Then-Secretary of Defense Ash Carter took a different view in 2016 when he ended the ban on transgender troops, calling transgender service members, “talented and trained Americans who are serving their country with honor and distinction” and said the military should not have “barriers unrelated to a person’s qualification to serve.”

A federal hiring freeze

Project 2025 included a 15-page section criticizing personnel management within the federal bureaucracy. “What is needed at the beginning is a freeze on all top career-position hiring,” one of the key recommendations said. A section about the Department of Labor also called for a hiring freeze for career officials in the department.

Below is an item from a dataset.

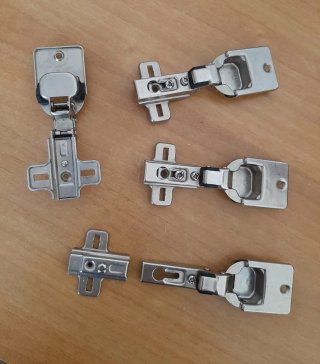 Cerniere Salice per ante in legno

Trump imposed a hiring freeze in an executive order on Inauguration Day, banning any open civilian positions at the time of his inauguration from being filled, and banning the creation of new ones. The order specifically exempted non-career positions, political appointees, and Senate-confirmed positions.

Amanda Carpenter, an editor at the nonpartisan Protect Democracy, said there is an overarching agenda in both Project 2025 and Trump’s executive orders that seek to expand executive power, and the first order of business is to purge the government of career civil service workers.

Congress created the federal civil service in the late 1800s to promote merit-based hiring as opposed to political favoritism ‒ which previously led to scandal ‒ and to promote continuity in government even when presidents changed.

In a reversal to that longstanding tradition, Trump attempted to fill the government with more loyal employees in an executive order before leaving office in late 2020. Project 2025 called for the next Republican president to reissue or reinstitute that order. Trump did that — he issued a new version of the old executive order, with modifications, on Jan. 20, his first day in office.

Alignment of foreign aid

Project 2025 criticized how the US distributes foreign aid, and specifically programs that help countries such as China and Syria. The paper called for the “aligning of US foreign aid to US foreign policy” because the funding is “too often disconnected from the strategy and practice of U.S. foreign policy.”

Trump issued an executive order on his first day titled, “Reevaluating and realigning United States foreign aid,” that said the country’s “foreign aid industry and bureaucracy are not aligned with American interests and in many cases antithetical to American values.”

Trump’s order did not specify which specific funding was problematic, but Project 2025 pointed to funding for abortion, climate change initiatives, and diversity, equity and inclusion.

Trump’s order also went further than Project 2025, declaring, “No further United States foreign assistance shall be disbursed in a manner that is not fully aligned with the foreign policy of the President of the United States.” The State Department announced Sunday it is implementing the order.